How to check if two given line segments intersect I was trying to understand convex hull problem..i came across a method to check intersection of line segment. Suppose the points are $p_1, q_1$ and $p_2, q_2$. One case says that the line segments will intersect if

  
*
  
*$(p1,q1,p2)$ and $(p1,q1,q2)$ have different
  orientations and
  
*$(p2,q2,p1)$ and $(p2,q2,q1)$ have different
  orientations
  

I am not able to understand the meaning of orientation? How can different orientations lets us decide that the segment will intersect? Can some one explain it, please?
I am reading it from here 8th page
 A: 
How can different orientations lets us decide that the segment will intersect?

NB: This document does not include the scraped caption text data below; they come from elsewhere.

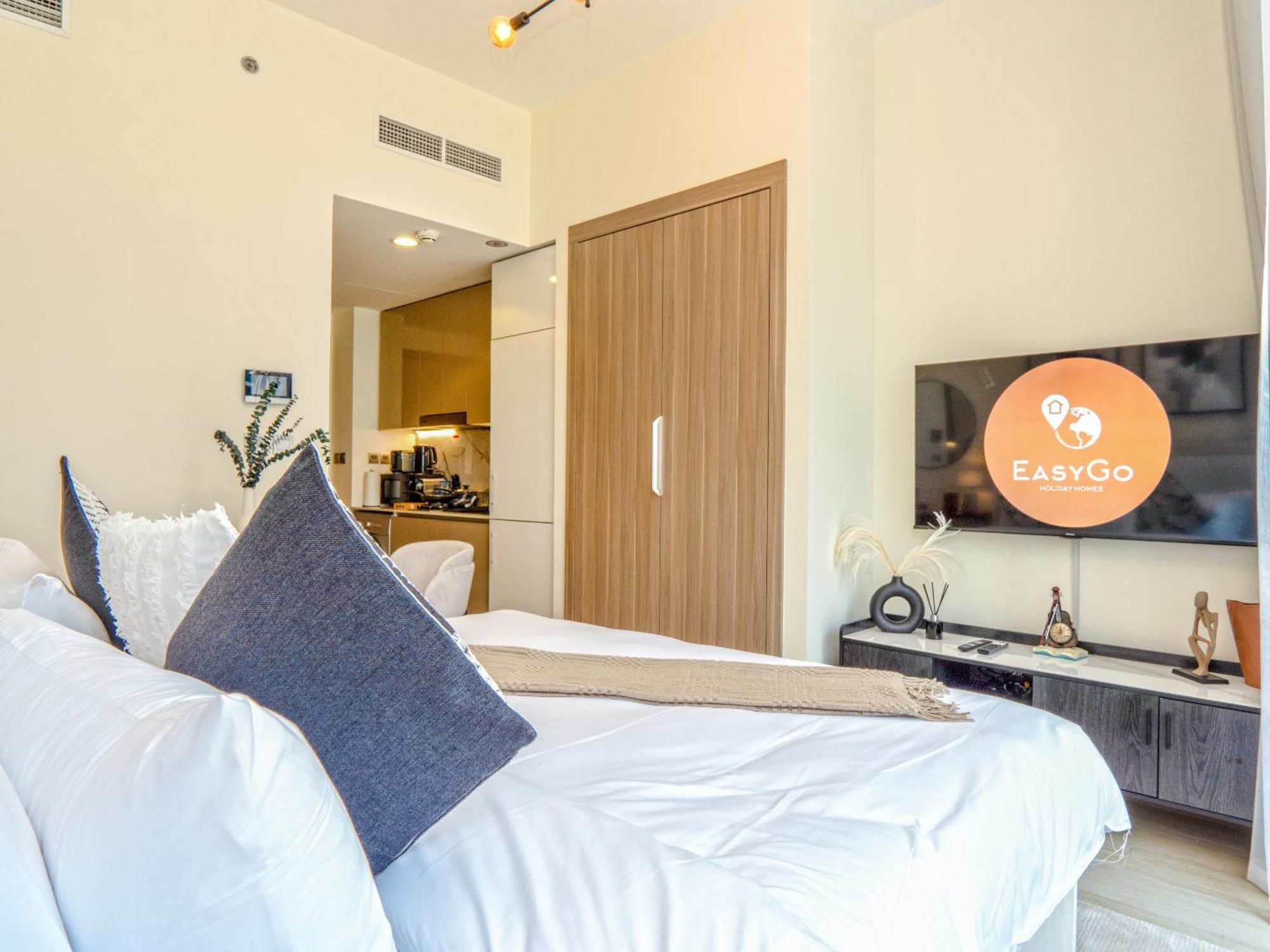 Apartment Easygo - Unbeatable Deals On Urban In Riviera 16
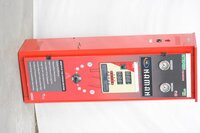 Online Nitrogen inflator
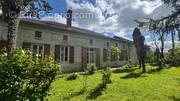 Maison à SAINT-CAPRAIS-DE-LERM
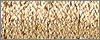 002V Vintage Gold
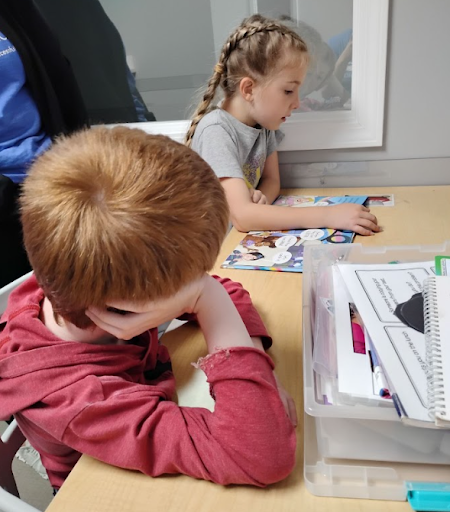 Dyslexia: How to Identify It Early for Best Results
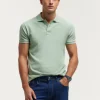 POLO SCOOBY VERDE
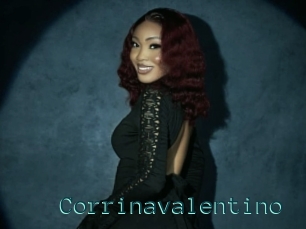 Corrinavalentino
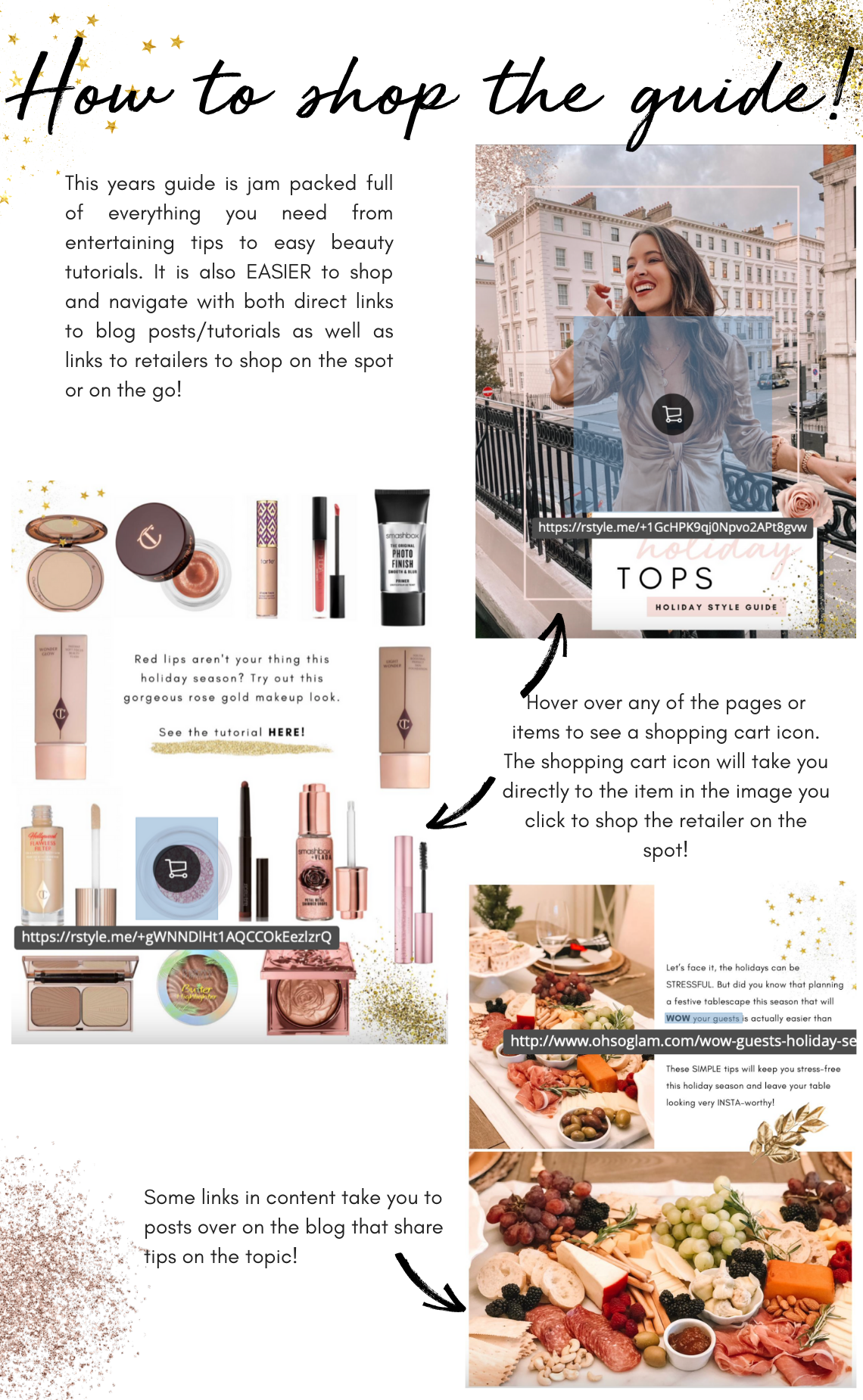 GLAM Holiday Guide 2019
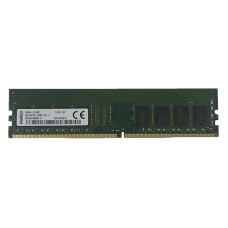 Оперативна пам'ять Kingston 8Gb DDR4-2400 PC4-19200 (HP24D4U7S8MBP-8) UDIMM non-ECC Unbuffered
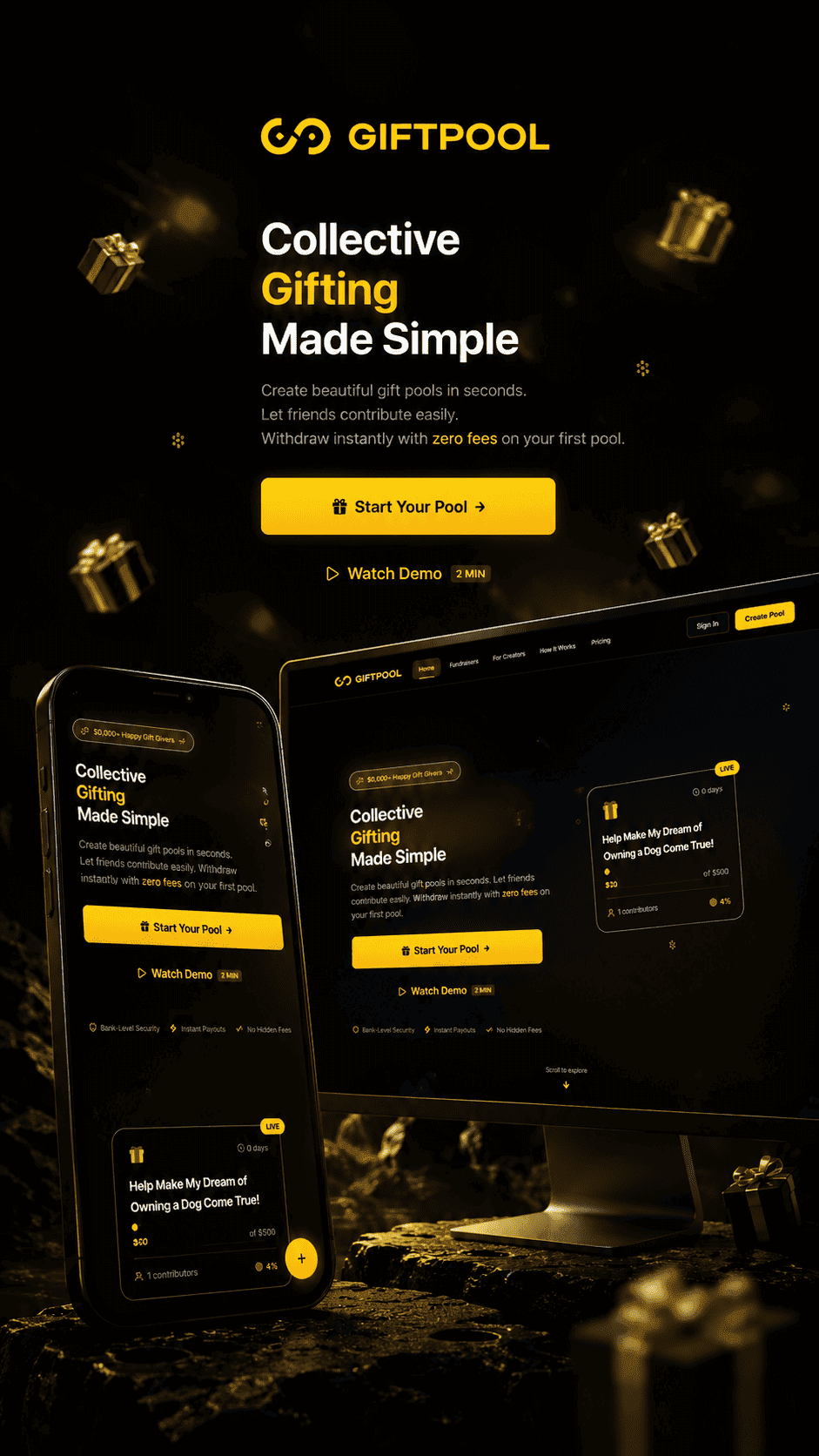 GiftPool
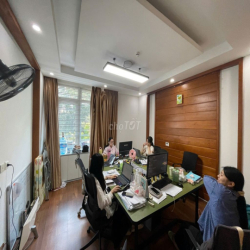 Thuê nhà nguyên căn (phù hợp làm văn phòng)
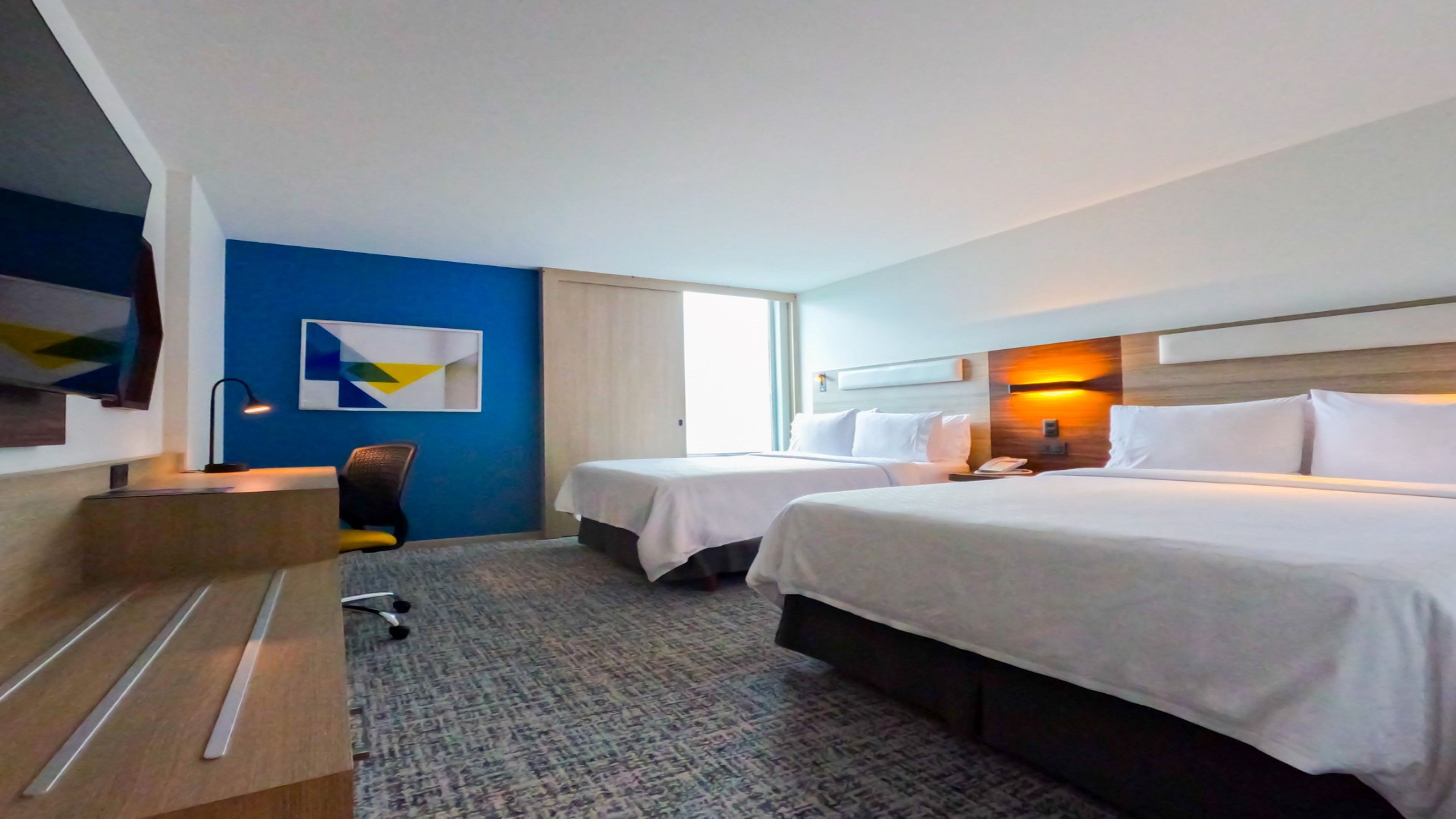 Holiday Inn Express Toluca Galerias Metepec 12/50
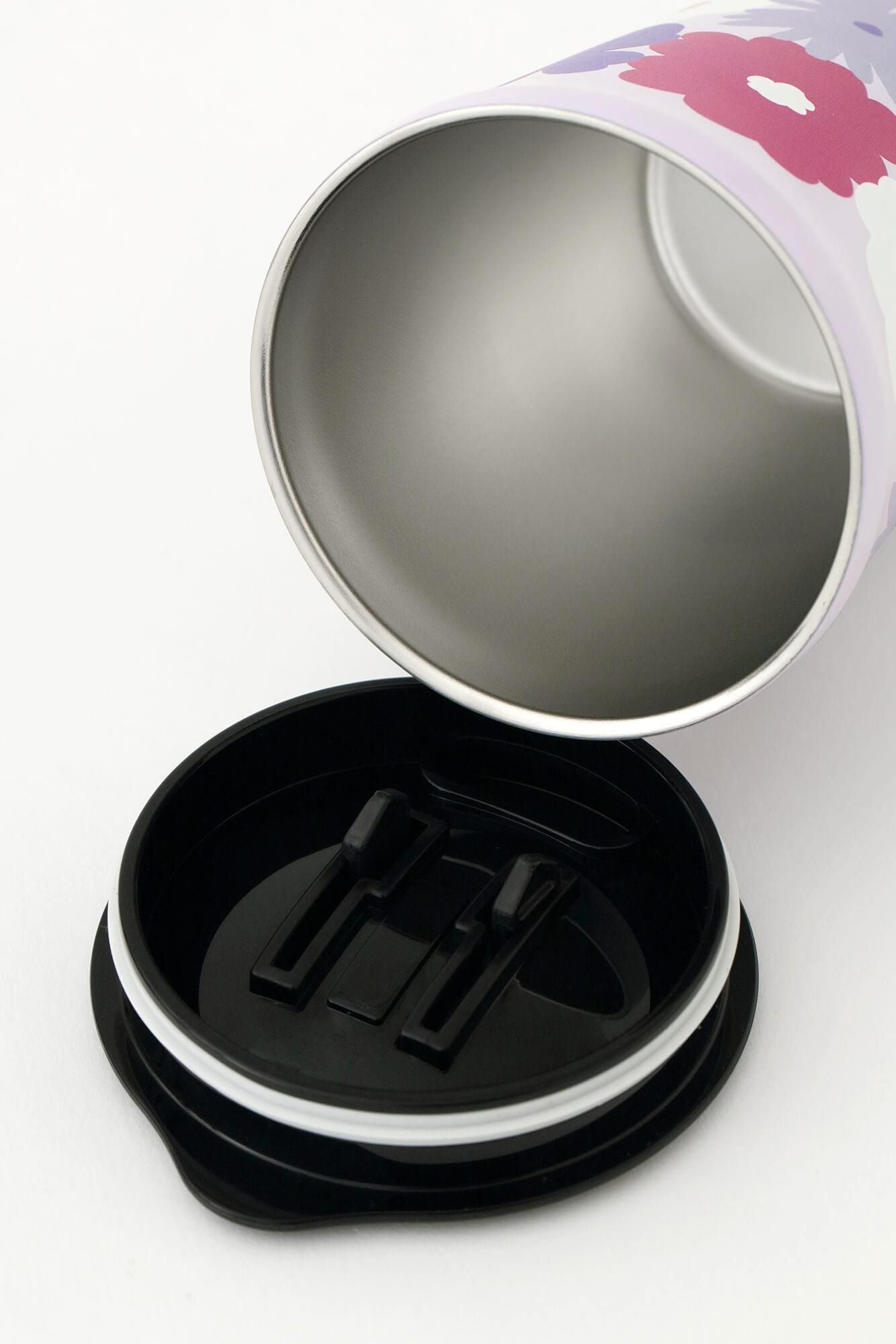 带盖/oorekoridori的玻璃杯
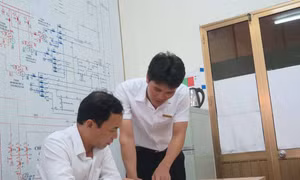 'Cây sáng kiến' của ngành điện Hải Dương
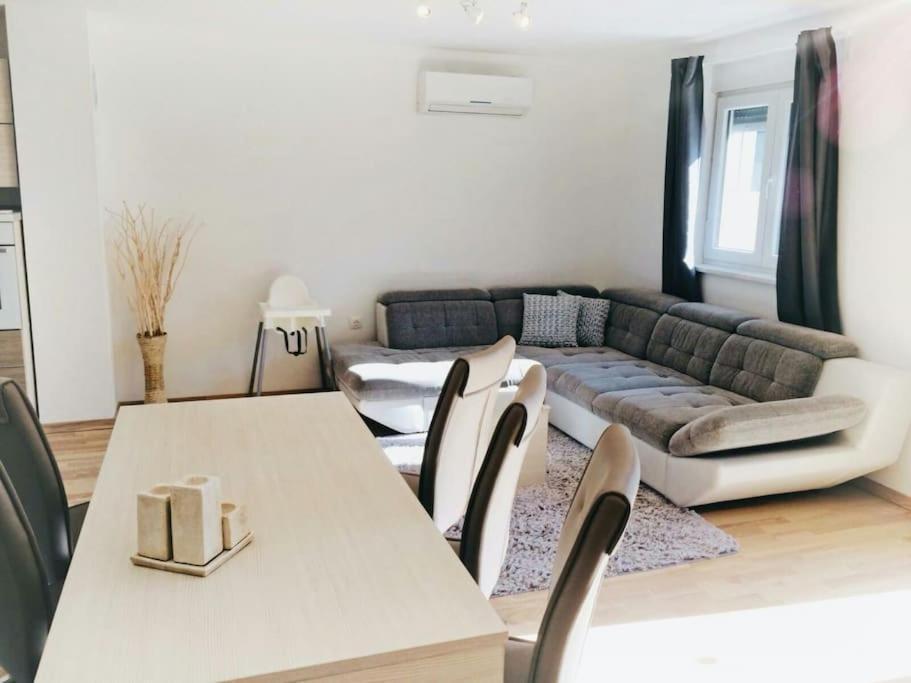 Apartment Liam *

If $p_1$, $q_1$, and $x$ are points in the plane, the "orientation" of $(p_1, q_1, x)$ is counterclockwise if $x$ lies in the open half-plane to the left of the segment $p_1q_1$, and is clockwise if $x$ lies in the right half-plane, see page 5 of the PDF file you linked. The first of the conditions

  
*
  
*$(p_1,q_1,p_2)$ and $(p_1,q_1,q_2)$ have different orientations and
  
*$(p_2,q_2,p_1)$ and $(p_2,q_2,q_1)$ have different orientations
  

expresses the fact that $p_2$ and $q_2$ lie "on opposite sides" of the segment $p_1q_1$ (i.e., in different open half planes). Similarly, the second condition says $p_1$ and $q_1$ lie "on opposite sides" of the segment $p_2q_2$. If both conditions hold, then each segment crosses the line defined by the other segment, which means the segments intersect.
If that doesn't clarify, it may help (psychologically, if not logically) to draw a couple of segments that do not cross, and to convince yourself that at least one segment lies entirely within one of the open half-planes defined by the other segment.
A: If $(a\mid b)$ and $(c\mid d)$ are endpoints of one segment, and
if $(e\mid f)$ and $(g\mid h)$ are endpoints of the other, and
if $(i\mid j)$ is the intersection of the two lines that contain the segments,
then the two segments intersect
if $((a\leqslant i \leqslant c) \vee (a\geqslant i \geqslant c))\wedge$
$((b \leqslant j \leqslant d) \vee (b \geqslant j \geqslant d)) \wedge$
$((e \leqslant i \leqslant g) \vee (e \geqslant i \geqslant g)) \wedge$
$((f \leqslant j \leqslant h)\vee(f \geqslant j \geqslant h))$.